* _Data records_
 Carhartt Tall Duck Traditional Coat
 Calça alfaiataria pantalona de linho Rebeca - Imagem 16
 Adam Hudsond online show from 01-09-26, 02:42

* * *

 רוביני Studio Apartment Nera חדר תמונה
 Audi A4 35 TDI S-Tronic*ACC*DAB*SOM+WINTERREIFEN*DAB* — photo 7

* _Work required_
In the entries above, find the line with "Carhartt Tall Duck Traditional Coat" and the line with "Adam Hudsond online", then restate word for word both of them and every line between, with nothing more.

* _Answer for this exercise_
 Carhartt Tall Duck Traditional Coat
 Calça alfaiataria pantalona de linho Rebeca - Imagem 16
 Adam Hudsond online show from 01-09-26, 02:42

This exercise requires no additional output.